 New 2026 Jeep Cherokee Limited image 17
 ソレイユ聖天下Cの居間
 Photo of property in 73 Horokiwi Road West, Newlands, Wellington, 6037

● ● ● ●

> _Action item_
What the exercise asks for is the listing above, retyped in full.

> _Answer for this exercise_
 New 2026 Jeep Cherokee Limited image 17
 ソレイユ聖天下Cの居間
 Photo of property in 73 Horokiwi Road West, Newlands, Wellington, 6037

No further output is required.